There is a huge infrastructure already in place, and it operates in batch mode – i.e. rotating certificates on regular intervals. But the current state of technology allows for near-real time querying – e.g. you go the the gate, put your eMRTD, it reads your passport numbers and sends a query to the passport database of the issuing country, which returns the required data as a response. If that is at all needed – the country where you enter can simply store the passport numbers that entered, together with the picture of the citizen, and later obtain the required data in batches. If batches suffice, data on the chip may still be present, but encrypted with the issuer’s public key and sent for decryption. This “issuer database” approach has its own implications – if every visit to a foreign country triggers a check in their national database, that may be used to easily trace citizen’s movements. While national passport databases exist, forming a huge global database is too scary. (Not) logging validation attempts in national databases may be regulated and audited, but that increases the complexity of the whole system. But I think this is the direction this should move to – having only a “key” in the passport, and data in central, (allegedly) protected databases. Note that e-gates normally do picture verification, so that might have to be stored on the passport. (Note: I discovered this proposal for an online verification protocol after writing this post)
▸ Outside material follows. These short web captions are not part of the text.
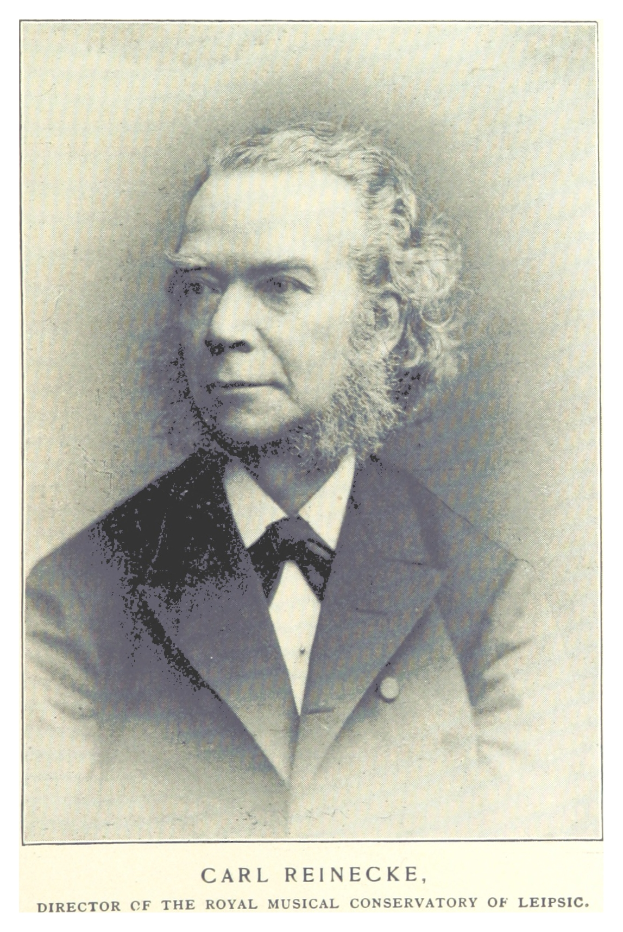 Schwarzes und weißes Foto von Carl Reinecke, Direktor des Königlichen Musik-Konservatoriums von Leipzig, der einen Anzug trägt, mit Text unten.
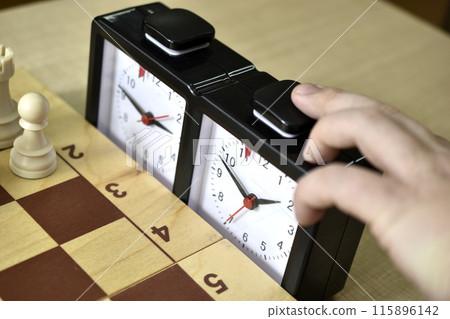A chess board and a chess clock. Chess competitions. 115896142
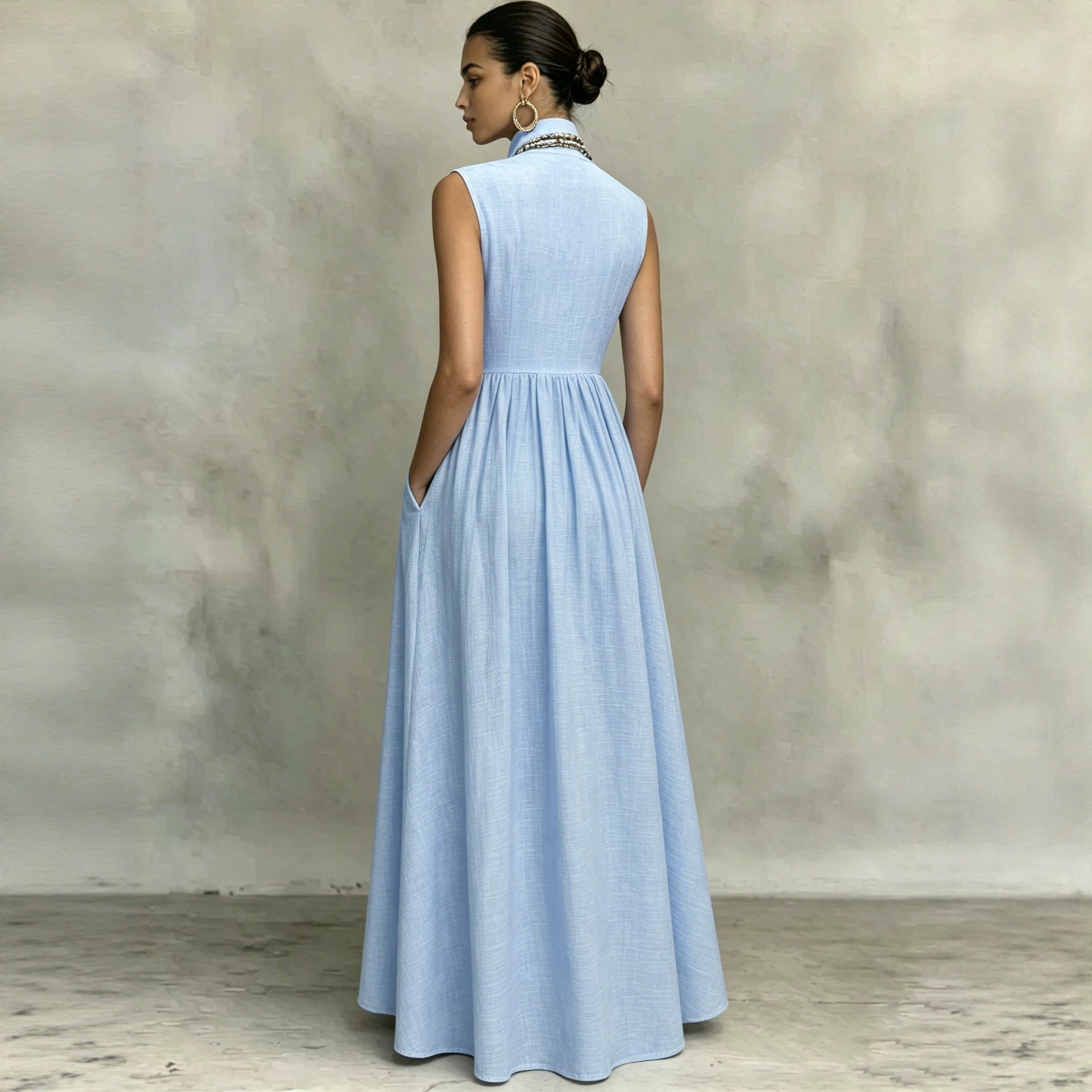 Light blue sleeveless maxi dress, scoop back, gathered waist, pleated skirt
Technical issues aside, when getting our passports, and more importantly – our ID cards, we must be allowed to make an informed choice – do we want to bear the security risks for the sake of the convenience of not waiting in queues (although queues form on e-gates as well), or we don’t care about automatic border control and we’d rather keep our personal and biometric data outside the RFID chip. For EU ID cards I would even say the default option must be the latter.

And while I’m not immediately concerned about an Orwellian (super)state tracking all your movements through a mandatory RFID document (or even – implant), not addressing these issues may lead to one some day (or has already lead in less democratic countries that have RFID ID cards), and at the very least – to a lot of fraud. For that reason “security by politics” must be avoided. I just don’t know how. Probably on an EU level?